• [ASSIGNMENT]
Ignoring every picture, return the lines of the listing below word for word, from the line that holds "Backyard bridge leading" through the line that holds "White gloved hand".

• [PROVIDED DATA]
= = =
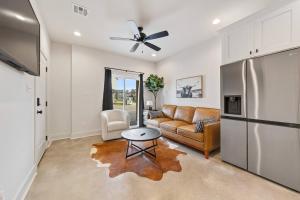 a living room with a couch and a refrigerator at Creole House/KING bed/Relax in Cajun Comfort! in Lafayette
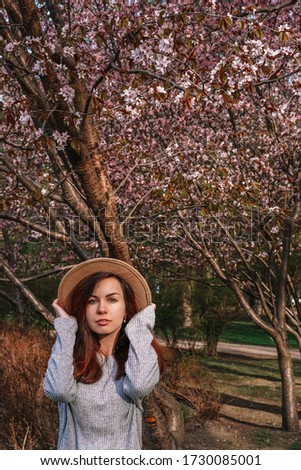 A girl with long hair in a wide-brimmed hat walks in a blooming garden, spring blooming pink cherry trees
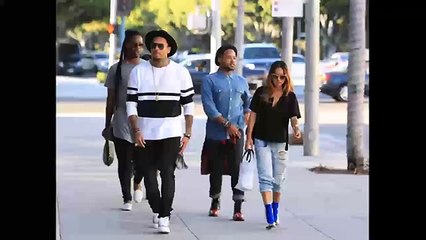 Chris Brown flaunts 24k gold personalised iPhone 6 on outing with Karrueche Tran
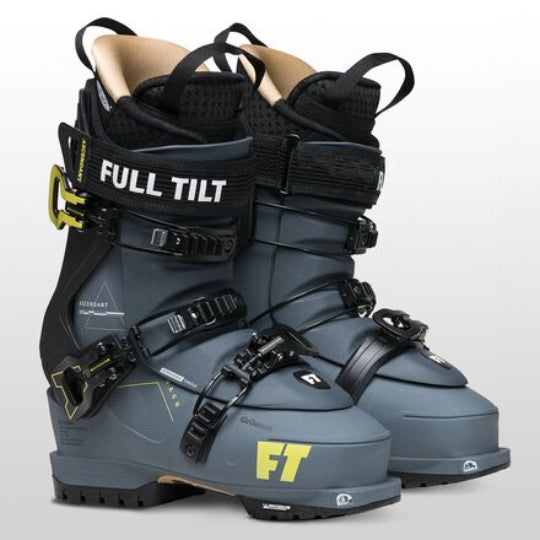 Gray ski boots with black straps and 'Full Tilt' branding on a light gray background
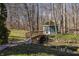 Backyard bridge leading to a wooden gazebo at 1591 Preston Trl, Carmel, IN 46032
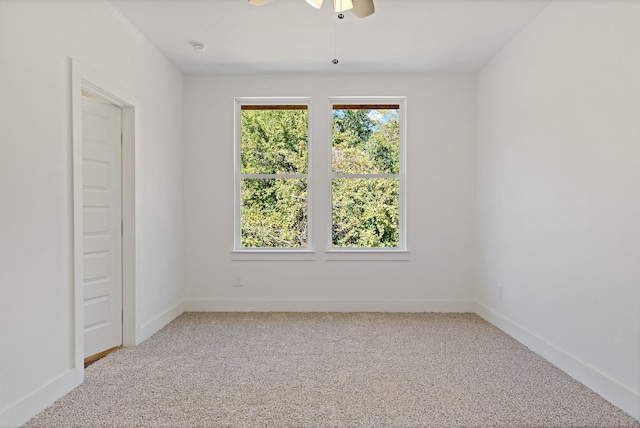 spare room with carpet floors and ceiling fan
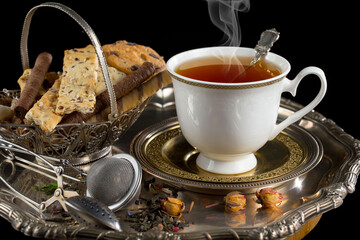 Hot sweet tea in a cup on old background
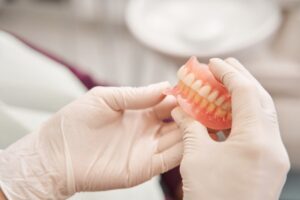 White gloved hand holding denture in close-up.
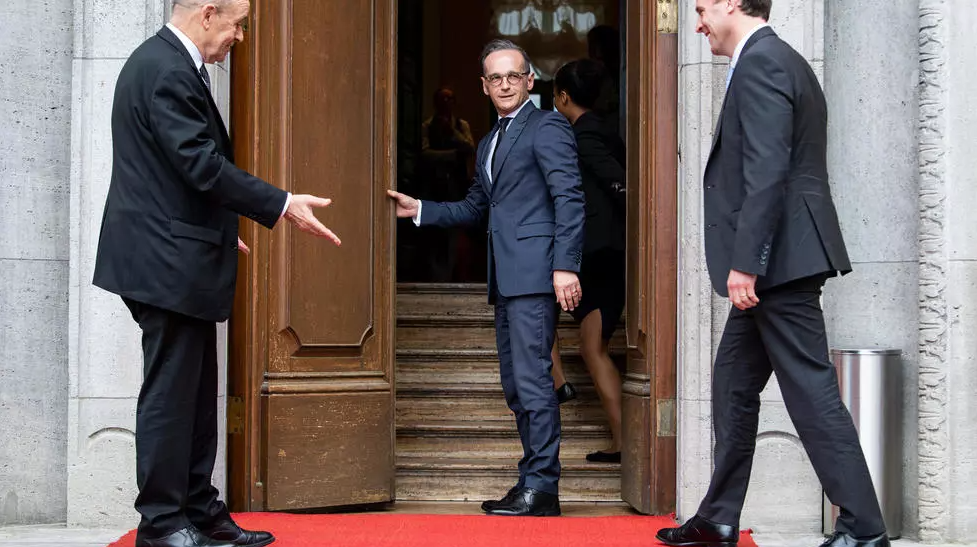 German Foreign Minister Heiko Maas (C) and his French counterpart Jean-Yves Le Drian (L) welcome Britain's Secretary of State Dominic Raab (R) arriving for talks in Berlin on June 19, 2020. © Bernd von Jutrczenka, AFP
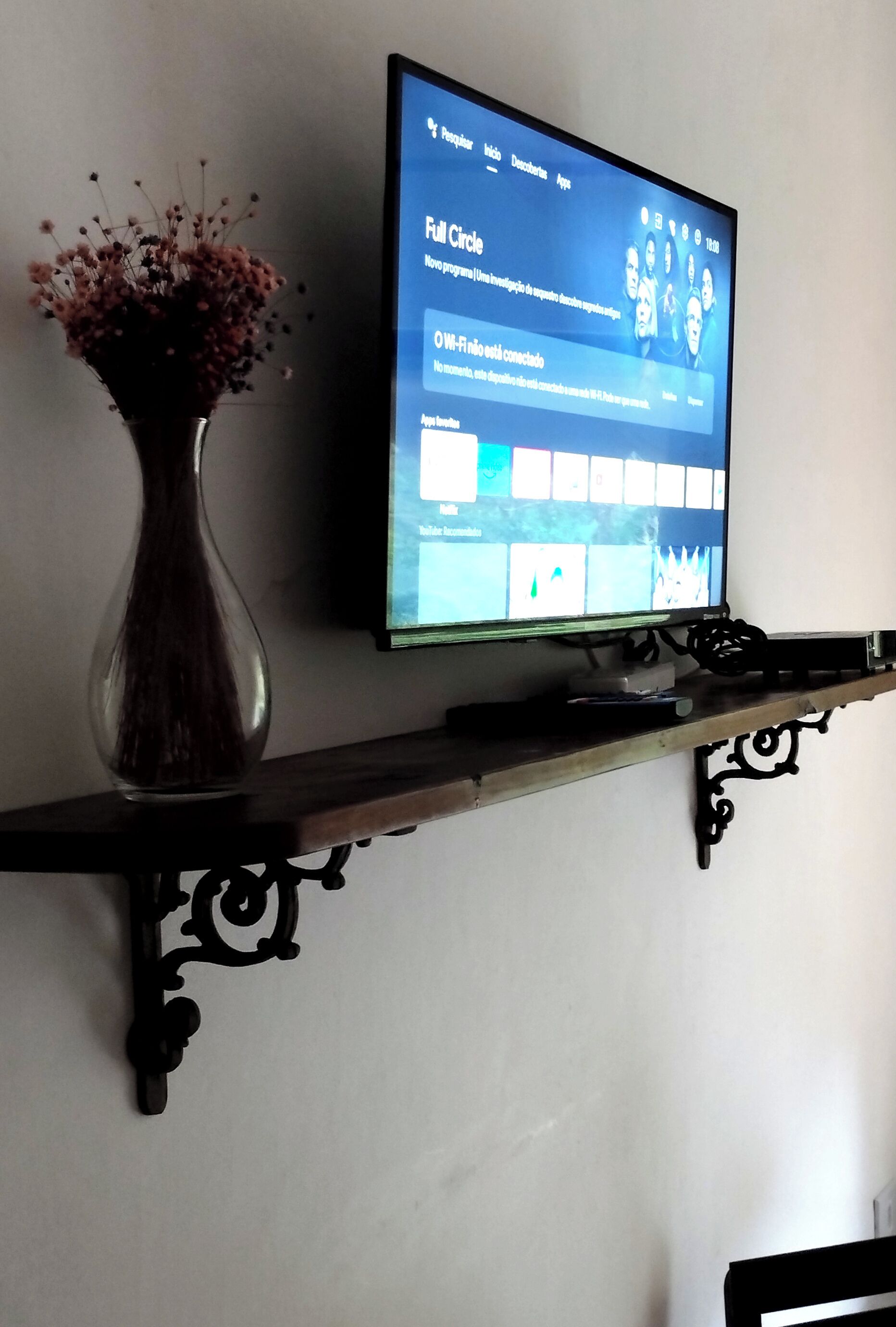 A television on a wall-mounted shelf with a vase of dried flowers to the left.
= = =
• [ANSWER SECTION]
 Backyard bridge leading to a wooden gazebo at 1591 Preston Trl, Carmel, IN 46032
 spare room with carpet floors and ceiling fan
 Hot sweet tea in a cup on old background
 White gloved hand holding denture in close-up.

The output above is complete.